Below, Aleixandre discusses the world of mystical poetry, distinguishes it from the religious, and presents it as appropriate language to interrelate spiritual movements.

José Javier Aleixandre Ybargüen, born in 1924, has received some 50 literary awards. He has a licentiate in journalism and is president of the Spanish Association of Authors and Writers (AEAE).

Q: What is mystical poetry?

Aleixandre: Fernando Rielo, creator and sponsor, through the foundation that bears his name, […] said that mystical poetry consists in expressing with sufficient poetic skill the different ways of intimate personal experience that, in love and pain, the soul has of its union with God.

I will dare to summarize this apt definition with this, perhaps insufficient, phrase: Mystical poetry is that poetry in which God is the sole object of the compass.

Q: How is it distinguished from religious poetry?

Aleixandre: The truth, really, is that I am not a deductive and reasoning man, but a poet that is led by his intuition. Therefore, I am not the most qualified person to explain this difference.

I think, intuitively I reiterate, that religious poetry is description and mystical poetry is contemplation — description, of course, of spiritual feelings, and contemplation, needless to say, of the Supreme Good.

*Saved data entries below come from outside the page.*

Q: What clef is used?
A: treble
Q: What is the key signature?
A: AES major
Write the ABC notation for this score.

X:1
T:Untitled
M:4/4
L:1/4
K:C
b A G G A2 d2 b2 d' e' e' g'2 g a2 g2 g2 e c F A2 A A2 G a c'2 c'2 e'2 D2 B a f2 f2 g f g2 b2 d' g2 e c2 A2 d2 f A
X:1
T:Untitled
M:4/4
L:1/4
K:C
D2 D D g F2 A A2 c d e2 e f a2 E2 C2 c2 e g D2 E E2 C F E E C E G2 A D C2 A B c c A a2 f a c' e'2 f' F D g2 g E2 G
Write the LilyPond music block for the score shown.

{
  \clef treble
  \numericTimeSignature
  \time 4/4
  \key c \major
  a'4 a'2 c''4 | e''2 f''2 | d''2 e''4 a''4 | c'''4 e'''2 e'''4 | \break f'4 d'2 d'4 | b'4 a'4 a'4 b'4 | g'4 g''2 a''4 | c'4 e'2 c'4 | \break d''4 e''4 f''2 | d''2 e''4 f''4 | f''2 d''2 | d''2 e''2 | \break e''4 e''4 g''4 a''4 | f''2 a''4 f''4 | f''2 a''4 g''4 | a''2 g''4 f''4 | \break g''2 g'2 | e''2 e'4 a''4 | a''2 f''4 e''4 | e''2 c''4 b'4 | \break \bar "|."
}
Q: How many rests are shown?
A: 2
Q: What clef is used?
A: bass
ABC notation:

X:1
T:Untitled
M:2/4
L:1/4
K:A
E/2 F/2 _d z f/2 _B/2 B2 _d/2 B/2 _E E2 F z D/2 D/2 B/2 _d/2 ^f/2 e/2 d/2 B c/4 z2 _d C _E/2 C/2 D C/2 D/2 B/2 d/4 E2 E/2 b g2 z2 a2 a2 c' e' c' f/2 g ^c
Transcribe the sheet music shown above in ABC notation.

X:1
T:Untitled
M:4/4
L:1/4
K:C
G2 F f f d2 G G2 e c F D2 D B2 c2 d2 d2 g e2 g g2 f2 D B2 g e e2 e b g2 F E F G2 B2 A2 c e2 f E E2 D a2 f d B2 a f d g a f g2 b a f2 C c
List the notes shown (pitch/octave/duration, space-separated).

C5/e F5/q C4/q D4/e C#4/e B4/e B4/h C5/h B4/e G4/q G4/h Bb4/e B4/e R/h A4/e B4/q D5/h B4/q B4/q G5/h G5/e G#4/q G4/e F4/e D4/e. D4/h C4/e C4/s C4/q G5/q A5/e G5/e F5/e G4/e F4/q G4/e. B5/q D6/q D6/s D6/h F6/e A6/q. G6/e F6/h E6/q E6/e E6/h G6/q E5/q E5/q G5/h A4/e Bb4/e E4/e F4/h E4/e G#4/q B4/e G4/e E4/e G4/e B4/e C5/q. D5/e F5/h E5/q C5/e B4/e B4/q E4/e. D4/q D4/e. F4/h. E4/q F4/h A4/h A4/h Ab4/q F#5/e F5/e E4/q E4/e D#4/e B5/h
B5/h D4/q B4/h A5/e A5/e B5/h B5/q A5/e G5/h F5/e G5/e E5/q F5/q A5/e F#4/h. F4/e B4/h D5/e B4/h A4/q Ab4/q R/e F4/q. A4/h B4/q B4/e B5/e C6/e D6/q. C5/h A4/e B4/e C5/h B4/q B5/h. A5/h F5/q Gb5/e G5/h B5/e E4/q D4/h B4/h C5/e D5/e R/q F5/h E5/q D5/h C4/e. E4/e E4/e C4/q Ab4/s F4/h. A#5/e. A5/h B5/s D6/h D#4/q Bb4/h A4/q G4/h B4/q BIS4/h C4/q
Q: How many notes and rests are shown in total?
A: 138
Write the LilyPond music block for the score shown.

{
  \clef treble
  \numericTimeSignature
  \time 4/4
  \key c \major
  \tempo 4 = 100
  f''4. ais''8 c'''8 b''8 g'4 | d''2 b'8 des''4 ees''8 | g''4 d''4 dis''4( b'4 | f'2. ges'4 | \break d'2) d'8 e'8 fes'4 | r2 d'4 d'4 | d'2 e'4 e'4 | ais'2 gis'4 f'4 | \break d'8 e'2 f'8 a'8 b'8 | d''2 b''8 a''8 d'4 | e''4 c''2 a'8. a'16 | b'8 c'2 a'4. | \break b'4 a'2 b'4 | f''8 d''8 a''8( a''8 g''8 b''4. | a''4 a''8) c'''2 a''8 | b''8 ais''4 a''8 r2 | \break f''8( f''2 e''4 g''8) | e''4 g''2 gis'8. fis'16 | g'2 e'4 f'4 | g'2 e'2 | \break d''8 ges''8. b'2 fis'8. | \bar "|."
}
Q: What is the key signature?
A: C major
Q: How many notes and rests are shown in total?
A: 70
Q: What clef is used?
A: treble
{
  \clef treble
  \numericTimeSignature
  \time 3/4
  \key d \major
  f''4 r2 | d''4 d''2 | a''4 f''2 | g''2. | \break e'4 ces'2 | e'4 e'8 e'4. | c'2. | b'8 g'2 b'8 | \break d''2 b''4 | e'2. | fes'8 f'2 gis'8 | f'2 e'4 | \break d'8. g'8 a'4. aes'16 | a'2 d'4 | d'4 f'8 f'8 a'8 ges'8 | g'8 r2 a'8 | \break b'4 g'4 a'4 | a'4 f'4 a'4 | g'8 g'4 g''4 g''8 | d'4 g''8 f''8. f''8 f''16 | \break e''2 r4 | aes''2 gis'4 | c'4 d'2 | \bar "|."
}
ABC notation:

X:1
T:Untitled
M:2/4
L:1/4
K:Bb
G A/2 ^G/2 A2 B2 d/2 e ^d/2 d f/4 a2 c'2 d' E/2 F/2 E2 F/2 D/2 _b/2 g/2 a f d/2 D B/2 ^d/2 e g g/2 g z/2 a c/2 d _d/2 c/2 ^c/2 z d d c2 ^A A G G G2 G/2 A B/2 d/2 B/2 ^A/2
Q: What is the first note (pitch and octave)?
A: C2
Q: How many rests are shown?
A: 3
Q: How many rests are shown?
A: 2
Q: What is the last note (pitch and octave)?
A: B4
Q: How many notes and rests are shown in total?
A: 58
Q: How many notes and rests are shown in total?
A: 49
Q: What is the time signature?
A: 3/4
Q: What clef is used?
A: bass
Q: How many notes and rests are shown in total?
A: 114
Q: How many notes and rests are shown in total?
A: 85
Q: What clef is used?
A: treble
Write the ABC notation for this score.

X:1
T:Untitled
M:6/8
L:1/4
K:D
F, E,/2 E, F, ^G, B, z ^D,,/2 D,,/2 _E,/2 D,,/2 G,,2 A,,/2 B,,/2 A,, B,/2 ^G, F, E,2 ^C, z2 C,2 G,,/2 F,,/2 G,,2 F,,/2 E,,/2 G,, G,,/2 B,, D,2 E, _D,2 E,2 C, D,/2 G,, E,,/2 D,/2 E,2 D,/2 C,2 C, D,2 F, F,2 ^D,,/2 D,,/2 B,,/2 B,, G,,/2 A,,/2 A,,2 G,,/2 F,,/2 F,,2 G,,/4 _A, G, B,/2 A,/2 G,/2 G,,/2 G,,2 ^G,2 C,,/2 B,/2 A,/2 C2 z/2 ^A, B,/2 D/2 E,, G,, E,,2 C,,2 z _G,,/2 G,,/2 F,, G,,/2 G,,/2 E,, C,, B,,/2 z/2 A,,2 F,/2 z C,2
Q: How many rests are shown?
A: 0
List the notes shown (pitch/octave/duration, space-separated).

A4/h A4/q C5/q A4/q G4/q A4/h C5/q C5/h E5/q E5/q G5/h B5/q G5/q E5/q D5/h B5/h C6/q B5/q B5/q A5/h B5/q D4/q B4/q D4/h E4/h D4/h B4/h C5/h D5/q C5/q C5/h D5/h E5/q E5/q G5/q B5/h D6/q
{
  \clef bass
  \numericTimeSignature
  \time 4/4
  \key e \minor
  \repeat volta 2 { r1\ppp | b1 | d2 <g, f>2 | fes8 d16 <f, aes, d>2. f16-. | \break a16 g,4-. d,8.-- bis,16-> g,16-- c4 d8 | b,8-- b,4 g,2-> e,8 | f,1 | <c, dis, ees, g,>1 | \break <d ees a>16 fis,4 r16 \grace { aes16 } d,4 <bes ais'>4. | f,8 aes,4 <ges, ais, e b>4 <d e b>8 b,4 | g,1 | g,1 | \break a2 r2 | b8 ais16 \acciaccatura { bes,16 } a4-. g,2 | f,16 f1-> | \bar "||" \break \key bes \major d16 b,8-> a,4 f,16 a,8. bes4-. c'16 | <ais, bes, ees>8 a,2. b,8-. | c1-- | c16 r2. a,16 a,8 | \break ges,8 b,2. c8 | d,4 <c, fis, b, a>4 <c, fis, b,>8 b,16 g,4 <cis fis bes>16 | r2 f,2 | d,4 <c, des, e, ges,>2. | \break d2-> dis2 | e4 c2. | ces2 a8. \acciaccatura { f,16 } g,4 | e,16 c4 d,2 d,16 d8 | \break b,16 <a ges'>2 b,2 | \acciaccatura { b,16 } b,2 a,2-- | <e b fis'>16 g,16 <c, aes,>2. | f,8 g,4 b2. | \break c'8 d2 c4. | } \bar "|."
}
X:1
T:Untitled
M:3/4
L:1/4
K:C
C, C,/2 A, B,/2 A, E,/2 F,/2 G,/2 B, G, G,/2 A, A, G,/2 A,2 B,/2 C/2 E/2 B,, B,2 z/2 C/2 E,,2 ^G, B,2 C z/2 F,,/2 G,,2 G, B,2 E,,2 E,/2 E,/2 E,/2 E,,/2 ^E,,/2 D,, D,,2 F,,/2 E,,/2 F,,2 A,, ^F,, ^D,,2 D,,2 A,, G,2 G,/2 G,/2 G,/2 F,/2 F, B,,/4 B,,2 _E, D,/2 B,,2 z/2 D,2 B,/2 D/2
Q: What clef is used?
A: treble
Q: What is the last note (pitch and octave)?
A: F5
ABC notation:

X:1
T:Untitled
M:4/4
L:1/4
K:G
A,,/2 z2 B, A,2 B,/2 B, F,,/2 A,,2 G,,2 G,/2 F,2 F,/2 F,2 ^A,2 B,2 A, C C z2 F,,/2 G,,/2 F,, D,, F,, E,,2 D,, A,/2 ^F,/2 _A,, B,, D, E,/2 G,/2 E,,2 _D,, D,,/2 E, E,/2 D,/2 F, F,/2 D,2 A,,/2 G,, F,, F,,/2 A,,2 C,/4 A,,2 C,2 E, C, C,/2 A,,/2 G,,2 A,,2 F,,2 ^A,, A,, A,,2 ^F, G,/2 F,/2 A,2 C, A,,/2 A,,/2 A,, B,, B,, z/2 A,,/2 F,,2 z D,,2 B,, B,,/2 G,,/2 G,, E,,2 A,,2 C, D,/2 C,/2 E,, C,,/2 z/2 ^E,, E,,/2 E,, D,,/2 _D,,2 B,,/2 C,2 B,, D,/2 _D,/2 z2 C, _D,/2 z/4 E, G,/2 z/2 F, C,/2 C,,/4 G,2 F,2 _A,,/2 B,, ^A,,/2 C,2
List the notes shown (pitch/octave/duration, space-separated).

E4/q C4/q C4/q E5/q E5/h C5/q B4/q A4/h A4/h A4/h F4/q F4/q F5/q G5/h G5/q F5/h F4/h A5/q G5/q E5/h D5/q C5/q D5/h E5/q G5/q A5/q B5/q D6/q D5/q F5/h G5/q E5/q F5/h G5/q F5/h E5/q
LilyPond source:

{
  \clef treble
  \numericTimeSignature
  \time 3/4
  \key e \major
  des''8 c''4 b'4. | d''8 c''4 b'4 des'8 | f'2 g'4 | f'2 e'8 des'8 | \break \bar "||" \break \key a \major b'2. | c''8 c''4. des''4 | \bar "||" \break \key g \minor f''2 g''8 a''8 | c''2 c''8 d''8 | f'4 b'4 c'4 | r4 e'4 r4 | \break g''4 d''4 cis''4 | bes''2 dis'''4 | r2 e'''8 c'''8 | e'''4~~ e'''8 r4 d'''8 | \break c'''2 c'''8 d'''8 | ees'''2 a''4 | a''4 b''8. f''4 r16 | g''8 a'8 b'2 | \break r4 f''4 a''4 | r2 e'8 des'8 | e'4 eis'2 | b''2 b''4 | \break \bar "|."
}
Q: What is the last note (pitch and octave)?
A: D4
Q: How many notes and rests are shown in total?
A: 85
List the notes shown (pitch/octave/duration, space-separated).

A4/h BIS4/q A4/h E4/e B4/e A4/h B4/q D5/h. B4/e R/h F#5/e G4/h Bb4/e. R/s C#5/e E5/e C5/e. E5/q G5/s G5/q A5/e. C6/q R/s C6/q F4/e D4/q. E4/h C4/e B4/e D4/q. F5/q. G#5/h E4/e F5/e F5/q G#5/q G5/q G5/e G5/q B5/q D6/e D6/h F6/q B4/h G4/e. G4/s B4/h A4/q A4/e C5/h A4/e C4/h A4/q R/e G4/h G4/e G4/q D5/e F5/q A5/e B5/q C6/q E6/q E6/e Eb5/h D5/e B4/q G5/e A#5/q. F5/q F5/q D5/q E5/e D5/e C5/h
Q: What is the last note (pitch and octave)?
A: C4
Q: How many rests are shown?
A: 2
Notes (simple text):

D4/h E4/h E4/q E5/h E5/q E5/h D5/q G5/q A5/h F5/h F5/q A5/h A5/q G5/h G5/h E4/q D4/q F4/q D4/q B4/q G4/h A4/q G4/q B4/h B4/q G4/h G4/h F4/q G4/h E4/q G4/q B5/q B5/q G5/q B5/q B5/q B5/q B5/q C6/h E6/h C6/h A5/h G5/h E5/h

Q: Speaking poetically, do you consider yourself a mystic?

Aleixandre: No. Absolutely not. Would that it were so! If it were so, I would have a total and exclusive consecration to Supreme Love insofar as possible in this life — these are words of Fernando Rielo — and in my poetry there are many different feelings and very different aesthetic intentions expressed.

One can say that St. Teresa of Jesus and St. John of the Cross, whom I admire beyond all others when they express in verse their love of God above all things, are mystics in their poetry. But I cannot compare myself to them not even remotely — not just as mystics, but also as poets.

Therefore, if I said that I consider myself a mystical poet I would be deceiving others and also myself. What happens in much of my poetic work, which already amounts to more than 30,000 verses, sometimes in whole books, is that I frequently address spiritual topics, with more or less ability, but always with sincerity.

Q: What topics inspired you to write “Not to Die Completely,” the work that won the Rielo award?

Aleixandre: The book is divided in three parts. The first and principal part explores, so to speak, the love of God in the Creed, fundamental source of Catholic belief, in the course of 14 chapters.

It is a long poem in which the most important thesis is that I believe in God, that I need God to exist and to believe in him, if I don’t want to die completely when I die.

The last part, also long but not as long as the first, is a eucharistic poem in which God calls me incessantly, but I resist until finally I am drawn by the irresistible magnet of his love.

The central part brings together, instead, 13 poems in consonant rhyme — two sonnets and 11 heptasyllable 10-line stanzas — that study God’s daily presence in the usual moments of life and in relation to the loved ones around me.

But above all, as the prologue of the book, a […] poem also justifies my enormous need to come close to God, because as it begins by saying, “no matter how much time I have, I do not have much time left, Lord.”